It was unseasonably warm when I got here six weeks ago. The balminess likely contributed to my initial impression that this was a more peaceful city. The traffic certainly wasn’t as bad as in Seattle —unless I got on one of the myriad and confusing highways that require multiple exchanges between them in order to get to your destination, and even those are heavy during rush hour and not so much at other times.
That first week, when I drove down sunny, treelined streets in South Minneapolis, with kids playing in yards and Halloween decorations proliferating outside well-tended homes, I kept thinking about The Truman Show, so I guess I had an inkling even then that all was not as it seemed.

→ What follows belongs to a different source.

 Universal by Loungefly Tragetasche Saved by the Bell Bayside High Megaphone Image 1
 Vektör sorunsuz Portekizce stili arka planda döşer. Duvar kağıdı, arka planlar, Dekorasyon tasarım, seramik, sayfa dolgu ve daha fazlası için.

I knew that my neighborhood had its challenges but, while I walked by closed stores and passed few others on the street, I didn’t feel that it was threatening.
It took me switching my NextDoor membership from Seattle to my neighborhood here in Minneapolis for a different reality to start intruding itself into my unwilling consciousness. This is just a small sampling of what has come in there and on the news:
- Apartment broken into while sleeping, car stolen from parking garage
- 6 Armed Carjackings Reported Within 5 Hours In South Mpls
- Attempted carjacking by the Basilica of St. Mary
- Armed carjacking last evening
- 70-year-old woman carjacked on Excelsior — car and dog stolen
- Carjackings at all–time high in Minneapolis
I know things are happening all over the country. But starting in a new city when people who have lived here for years are increasingly jumpy about their safety is challenging. It takes time to learn to read the signs in a new place. One of the apartments I considered renting when I came on my exploratory visit in September is in the building in which the sleeping woman’s car was stolen from the garage. To my uneducated eye, the neighborhood it’s in, though close to where I am now, seemed safer. “Oh no,” said my daughter-in-law. “I wouldn’t feel safe with you there.” Boy, was she right and there is no way I could have made that judgment on my own.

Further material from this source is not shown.